About Papeterie Saint-Armand:

At their paper mill, St. Armand manufactures their Saint-Armand handmade papers and the machine-made Canal papers, as well as sanded paper Sabretooth for artists. They also make pads, books, and presentation folders, as well as invitations.

Saint-Armand handmade papers are used by artists for watercolour, pastel, and acrylic painting, as well as printmaking and more. Art restorers use them for document repairs. Limited edition printers like the texture crispness for type and Bookbinders appreciate their strength.

Before making the paper, the pulp is prepared by beating rags – mostly recycled cotton off-cuts from clothing manufacturers and also linen, flax straw, jute and sisal.

St Armand pulping is mechanical, which keeps the fibers long and pliable. The papers do not crack when folded and will resist very deep embossing. They don’t use any chemical or bleaching agents, only water and rags. For example, their white paper is made from white tee-shirt off-cuts, and blue from blue denim.

The pulp is sized with an additive – When more absorption is desired, less sizing is used. When less absorption is desired, such as in a watercolour sheet, more sizing is used. Dominion watercolour paper is sized again in gelatin for maximum holdout.


David Carruthers opened the Saint-Armand paper-mill in 1979. He had left his job at Pulp & Paper Association of Canada and his knowledge of the paper trade told him that there was room for hand-made paper mills, with a dash of technology.

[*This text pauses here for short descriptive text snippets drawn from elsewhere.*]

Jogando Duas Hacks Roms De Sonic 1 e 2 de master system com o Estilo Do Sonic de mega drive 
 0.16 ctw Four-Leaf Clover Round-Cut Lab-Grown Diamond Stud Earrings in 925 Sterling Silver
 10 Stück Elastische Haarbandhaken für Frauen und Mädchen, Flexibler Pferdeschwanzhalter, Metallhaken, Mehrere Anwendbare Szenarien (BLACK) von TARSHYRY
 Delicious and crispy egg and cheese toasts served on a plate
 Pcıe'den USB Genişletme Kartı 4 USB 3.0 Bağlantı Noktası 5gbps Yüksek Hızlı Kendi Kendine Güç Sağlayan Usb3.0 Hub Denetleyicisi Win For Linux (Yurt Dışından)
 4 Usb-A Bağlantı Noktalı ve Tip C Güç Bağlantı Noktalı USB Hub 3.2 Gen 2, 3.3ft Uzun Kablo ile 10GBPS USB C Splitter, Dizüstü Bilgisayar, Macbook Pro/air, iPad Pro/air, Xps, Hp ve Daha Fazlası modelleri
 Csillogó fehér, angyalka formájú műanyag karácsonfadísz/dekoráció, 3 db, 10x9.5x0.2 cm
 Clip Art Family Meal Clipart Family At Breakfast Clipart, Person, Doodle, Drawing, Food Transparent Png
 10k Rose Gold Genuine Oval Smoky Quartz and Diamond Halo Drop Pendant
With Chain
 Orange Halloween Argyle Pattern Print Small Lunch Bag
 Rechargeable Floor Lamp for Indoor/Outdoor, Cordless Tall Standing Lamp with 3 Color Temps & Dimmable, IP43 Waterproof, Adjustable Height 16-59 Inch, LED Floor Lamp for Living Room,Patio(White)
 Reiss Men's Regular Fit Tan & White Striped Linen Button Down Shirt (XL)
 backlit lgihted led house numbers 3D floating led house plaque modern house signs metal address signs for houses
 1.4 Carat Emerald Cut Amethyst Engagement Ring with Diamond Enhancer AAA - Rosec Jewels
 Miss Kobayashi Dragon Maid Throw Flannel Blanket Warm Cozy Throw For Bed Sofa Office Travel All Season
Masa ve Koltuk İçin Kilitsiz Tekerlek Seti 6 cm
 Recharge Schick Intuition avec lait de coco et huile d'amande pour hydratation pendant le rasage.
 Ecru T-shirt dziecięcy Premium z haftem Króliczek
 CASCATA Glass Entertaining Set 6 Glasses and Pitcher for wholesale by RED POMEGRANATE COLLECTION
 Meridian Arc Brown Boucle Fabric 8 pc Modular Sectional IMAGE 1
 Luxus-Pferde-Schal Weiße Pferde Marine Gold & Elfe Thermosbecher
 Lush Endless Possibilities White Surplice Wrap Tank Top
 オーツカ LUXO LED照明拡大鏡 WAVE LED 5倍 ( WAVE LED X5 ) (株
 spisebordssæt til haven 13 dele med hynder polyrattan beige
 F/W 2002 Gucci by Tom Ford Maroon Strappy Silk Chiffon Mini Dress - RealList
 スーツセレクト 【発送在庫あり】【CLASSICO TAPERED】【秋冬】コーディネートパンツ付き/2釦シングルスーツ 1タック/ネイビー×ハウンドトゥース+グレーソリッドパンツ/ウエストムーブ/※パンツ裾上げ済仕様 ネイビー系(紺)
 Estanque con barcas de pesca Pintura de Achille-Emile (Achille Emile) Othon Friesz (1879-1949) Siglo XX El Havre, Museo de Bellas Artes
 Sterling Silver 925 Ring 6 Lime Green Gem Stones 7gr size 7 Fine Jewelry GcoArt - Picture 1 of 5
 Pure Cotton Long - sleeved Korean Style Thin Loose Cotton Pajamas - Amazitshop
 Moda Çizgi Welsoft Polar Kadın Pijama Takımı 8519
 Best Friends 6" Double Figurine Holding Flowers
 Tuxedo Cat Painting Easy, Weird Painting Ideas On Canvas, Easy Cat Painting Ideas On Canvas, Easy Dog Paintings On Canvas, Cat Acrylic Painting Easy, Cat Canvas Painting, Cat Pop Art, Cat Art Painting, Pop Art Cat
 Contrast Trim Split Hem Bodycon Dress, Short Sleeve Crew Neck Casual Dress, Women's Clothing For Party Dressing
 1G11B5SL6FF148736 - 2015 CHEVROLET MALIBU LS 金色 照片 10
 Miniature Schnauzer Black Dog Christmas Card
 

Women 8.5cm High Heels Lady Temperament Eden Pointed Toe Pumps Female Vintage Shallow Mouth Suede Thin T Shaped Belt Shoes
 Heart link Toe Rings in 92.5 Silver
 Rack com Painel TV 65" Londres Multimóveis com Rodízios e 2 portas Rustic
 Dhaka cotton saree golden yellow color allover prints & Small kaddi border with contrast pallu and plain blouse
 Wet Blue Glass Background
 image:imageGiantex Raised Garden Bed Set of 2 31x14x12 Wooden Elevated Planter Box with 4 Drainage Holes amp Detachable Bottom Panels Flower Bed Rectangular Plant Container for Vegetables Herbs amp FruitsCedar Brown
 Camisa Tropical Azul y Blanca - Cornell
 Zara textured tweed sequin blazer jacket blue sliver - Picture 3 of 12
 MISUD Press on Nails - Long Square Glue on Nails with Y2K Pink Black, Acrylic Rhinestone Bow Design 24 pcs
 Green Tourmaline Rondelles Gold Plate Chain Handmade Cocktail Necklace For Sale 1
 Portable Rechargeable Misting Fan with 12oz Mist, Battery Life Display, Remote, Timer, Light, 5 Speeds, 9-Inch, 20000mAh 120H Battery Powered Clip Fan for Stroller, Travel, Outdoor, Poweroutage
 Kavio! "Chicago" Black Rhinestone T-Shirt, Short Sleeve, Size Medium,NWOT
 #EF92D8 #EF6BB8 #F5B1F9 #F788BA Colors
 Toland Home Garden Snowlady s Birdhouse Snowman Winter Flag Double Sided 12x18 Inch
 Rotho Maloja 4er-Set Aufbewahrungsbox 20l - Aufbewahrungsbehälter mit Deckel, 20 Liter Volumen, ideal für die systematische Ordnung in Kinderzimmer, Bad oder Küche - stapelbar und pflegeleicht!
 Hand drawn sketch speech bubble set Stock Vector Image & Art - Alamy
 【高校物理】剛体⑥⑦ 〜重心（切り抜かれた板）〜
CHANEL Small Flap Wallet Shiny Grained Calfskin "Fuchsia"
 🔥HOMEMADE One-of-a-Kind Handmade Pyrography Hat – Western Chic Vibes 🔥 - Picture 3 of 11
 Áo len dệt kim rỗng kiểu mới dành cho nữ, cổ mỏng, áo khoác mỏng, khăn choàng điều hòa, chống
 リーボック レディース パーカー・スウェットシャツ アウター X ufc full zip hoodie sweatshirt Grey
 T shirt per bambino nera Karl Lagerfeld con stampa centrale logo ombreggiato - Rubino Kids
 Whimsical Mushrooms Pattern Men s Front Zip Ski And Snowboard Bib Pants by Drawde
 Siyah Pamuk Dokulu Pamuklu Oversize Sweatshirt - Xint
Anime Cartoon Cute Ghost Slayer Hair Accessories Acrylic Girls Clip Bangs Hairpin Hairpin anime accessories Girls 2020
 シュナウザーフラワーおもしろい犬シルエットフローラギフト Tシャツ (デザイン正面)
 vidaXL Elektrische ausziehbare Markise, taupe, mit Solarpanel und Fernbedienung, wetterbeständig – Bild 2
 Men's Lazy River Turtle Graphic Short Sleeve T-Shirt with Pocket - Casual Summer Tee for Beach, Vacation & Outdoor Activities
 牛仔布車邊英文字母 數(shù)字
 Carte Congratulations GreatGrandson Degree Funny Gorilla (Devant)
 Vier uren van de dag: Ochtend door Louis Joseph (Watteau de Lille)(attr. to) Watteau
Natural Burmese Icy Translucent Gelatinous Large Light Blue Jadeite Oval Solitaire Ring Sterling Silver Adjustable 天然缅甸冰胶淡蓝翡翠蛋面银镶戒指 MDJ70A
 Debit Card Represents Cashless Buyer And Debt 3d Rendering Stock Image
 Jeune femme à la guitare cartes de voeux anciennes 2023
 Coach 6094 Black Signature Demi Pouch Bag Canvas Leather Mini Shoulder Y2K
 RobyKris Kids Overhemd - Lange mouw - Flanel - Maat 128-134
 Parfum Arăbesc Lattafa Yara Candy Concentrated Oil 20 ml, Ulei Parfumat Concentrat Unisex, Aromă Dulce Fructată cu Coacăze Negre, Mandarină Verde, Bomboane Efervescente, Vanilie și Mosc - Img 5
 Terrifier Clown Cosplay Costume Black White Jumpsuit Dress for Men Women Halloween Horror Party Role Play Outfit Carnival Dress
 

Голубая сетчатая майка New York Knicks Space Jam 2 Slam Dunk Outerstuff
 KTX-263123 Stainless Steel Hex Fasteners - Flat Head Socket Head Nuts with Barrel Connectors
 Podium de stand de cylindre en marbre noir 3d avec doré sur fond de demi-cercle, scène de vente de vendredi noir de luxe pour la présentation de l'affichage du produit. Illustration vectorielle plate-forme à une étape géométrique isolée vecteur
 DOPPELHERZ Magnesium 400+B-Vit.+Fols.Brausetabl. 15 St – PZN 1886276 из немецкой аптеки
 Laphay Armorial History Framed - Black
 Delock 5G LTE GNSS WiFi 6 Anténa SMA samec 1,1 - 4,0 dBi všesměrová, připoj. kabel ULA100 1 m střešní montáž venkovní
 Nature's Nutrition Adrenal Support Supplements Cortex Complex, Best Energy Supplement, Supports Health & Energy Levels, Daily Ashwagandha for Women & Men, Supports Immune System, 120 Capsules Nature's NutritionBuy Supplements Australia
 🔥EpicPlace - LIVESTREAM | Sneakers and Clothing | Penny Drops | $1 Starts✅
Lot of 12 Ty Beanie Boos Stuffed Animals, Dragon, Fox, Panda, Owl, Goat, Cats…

David came from a family associated with paper. His grandfather George Carruthers owned the Interlake Paper Mill in Ontario. He also wrote the book “Papermaking” which traces the history of 100 years of papermaking in Canada up to 1905. David’s father was a paper salesman with the family firm and had a gift to sell by the carload.

In 1992, David had the chance to buy a thousand-pound Hollander beater and a Fourdrinier paper machine. He moved his hand-mill for the fourth time to setup those machines. St. Armand was re-inventing the Industrial age on the shores of the Lachine Canal, the cradle of Canadian Industry.

David judged this expansion necessary due to the threat of cheap imported paper. The machine helped them fill larger orders for annual report covers, wallpaper, artist pads and packaging. To their surprise, the expected diminution of handmade production didn’t happen. On the contrary, they had to expand their handmade operation.